The Constitution mentions the royal faculty of exercising the right of pardon "in consonance with the law," noting that this cannot "authorize general pardons." The difference between amnesty and pardon is that the first implies annulling not only the penalty but also the crime. Thus it is generally admitted that if there cannot be general pardons, much less can there be general amnesties.
Even were an amnesty theoretically possible, it would be inadmissible to apply it to ETA prisoners. Expunging a crime may make sense after a dictatorship. To do so now would be to accept Peixoto's justification of terrorism as a "correct" political option.
The question, then, is whether non-general measures of grace are possible, and in what conditions. In the case of the self-dissolution of the breakaway ETA Politico-Militar organization in 1982, the law was bent considerably — but those were individual pardons, not a general one.
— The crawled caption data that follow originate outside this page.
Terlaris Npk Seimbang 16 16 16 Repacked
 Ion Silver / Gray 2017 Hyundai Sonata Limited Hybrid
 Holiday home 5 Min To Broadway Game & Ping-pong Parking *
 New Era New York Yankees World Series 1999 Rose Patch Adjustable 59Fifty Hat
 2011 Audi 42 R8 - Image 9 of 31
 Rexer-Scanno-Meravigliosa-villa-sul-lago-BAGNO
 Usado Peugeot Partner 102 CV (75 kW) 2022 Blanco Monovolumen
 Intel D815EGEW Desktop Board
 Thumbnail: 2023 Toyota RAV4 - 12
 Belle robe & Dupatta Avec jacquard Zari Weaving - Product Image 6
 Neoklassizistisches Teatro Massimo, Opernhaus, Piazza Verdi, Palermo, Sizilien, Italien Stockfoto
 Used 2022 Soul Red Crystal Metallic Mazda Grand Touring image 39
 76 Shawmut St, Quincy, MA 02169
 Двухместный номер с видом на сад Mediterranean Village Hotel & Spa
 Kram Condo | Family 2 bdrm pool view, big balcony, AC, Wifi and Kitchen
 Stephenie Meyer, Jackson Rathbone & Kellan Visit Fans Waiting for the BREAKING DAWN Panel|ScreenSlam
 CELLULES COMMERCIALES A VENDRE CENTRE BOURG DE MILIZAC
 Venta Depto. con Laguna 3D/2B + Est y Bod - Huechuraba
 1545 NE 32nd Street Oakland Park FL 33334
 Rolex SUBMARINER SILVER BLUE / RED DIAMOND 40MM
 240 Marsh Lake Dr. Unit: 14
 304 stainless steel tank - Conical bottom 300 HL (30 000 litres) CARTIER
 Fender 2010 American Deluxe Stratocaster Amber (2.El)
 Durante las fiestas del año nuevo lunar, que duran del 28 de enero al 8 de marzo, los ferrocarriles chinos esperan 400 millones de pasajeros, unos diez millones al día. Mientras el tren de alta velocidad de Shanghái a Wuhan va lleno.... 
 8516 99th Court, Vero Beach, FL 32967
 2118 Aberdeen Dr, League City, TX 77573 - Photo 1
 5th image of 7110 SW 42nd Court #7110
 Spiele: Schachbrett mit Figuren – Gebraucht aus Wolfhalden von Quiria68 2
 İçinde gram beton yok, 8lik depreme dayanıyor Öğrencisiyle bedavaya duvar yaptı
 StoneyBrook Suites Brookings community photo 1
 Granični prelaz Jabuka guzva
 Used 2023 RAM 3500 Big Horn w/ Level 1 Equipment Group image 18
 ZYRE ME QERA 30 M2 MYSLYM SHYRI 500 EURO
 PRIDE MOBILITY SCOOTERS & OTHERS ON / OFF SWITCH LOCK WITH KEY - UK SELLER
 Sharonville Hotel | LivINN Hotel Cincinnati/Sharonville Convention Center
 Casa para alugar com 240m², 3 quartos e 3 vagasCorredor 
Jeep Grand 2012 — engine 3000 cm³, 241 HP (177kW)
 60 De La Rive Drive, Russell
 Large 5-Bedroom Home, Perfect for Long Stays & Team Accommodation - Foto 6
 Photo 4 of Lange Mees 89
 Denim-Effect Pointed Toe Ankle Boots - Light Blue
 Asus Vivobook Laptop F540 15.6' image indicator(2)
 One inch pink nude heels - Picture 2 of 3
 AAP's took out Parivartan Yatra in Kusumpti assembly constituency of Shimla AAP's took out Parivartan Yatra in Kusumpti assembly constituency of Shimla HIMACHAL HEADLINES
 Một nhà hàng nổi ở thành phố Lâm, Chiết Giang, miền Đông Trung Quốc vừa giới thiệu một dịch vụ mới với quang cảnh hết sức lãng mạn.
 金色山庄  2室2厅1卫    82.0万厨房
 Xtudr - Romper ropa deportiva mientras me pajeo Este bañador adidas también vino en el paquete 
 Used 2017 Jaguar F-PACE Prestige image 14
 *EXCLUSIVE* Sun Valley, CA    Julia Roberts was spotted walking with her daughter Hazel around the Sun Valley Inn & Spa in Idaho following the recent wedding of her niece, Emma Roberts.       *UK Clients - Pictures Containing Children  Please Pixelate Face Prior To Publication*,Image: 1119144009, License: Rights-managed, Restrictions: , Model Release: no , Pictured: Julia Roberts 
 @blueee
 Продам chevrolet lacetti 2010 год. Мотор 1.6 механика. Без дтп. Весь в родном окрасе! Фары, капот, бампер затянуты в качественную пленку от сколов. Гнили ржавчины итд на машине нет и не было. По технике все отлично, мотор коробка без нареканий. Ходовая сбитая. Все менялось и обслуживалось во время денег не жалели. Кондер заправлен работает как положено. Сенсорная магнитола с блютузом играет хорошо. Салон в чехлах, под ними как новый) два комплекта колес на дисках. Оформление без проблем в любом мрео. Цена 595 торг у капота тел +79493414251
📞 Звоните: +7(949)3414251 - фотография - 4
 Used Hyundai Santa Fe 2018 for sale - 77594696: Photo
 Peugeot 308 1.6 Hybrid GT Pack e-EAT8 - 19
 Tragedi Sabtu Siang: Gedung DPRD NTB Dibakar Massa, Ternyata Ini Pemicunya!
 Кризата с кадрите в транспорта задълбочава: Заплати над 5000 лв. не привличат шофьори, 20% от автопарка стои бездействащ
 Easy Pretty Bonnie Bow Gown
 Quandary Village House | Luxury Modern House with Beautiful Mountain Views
And for many years, successive governments tried to convince ETA leaders to accept an agreement in terms of peace for the release of prisoners, and not, as they demanded, peace in return for Navarre and self-determination.
This attitude expired with the T-4 bomb attack in 2007; and the ETA victims' associations, with strong public support in this, have become a barrier against any return to that formula. However, there is truth in the former Basque premier Ardanza's recent remark: "Once ETA has disappeared [...] while there are ETA prisoners in jail the problem will not have been solved." That is, the end of ETA would not be irreversible. Yet experience also shows that if they are offered measures of grace they consider it a right, and go on to demand political negotiation.
We are on the razor's edge. Measures of grace will only be possible, in the face of understandable public reluctance, when there is evidence that the end of ETA is irreversible. But ETA refuses to take this step without previous measures of grace. The key will be when the political wing convinces the terrorists that the best thing they can do for the prisoners is dissolution, so that moves can be made to bring the Spanish public closer to accepting the idea of the release of prisoners.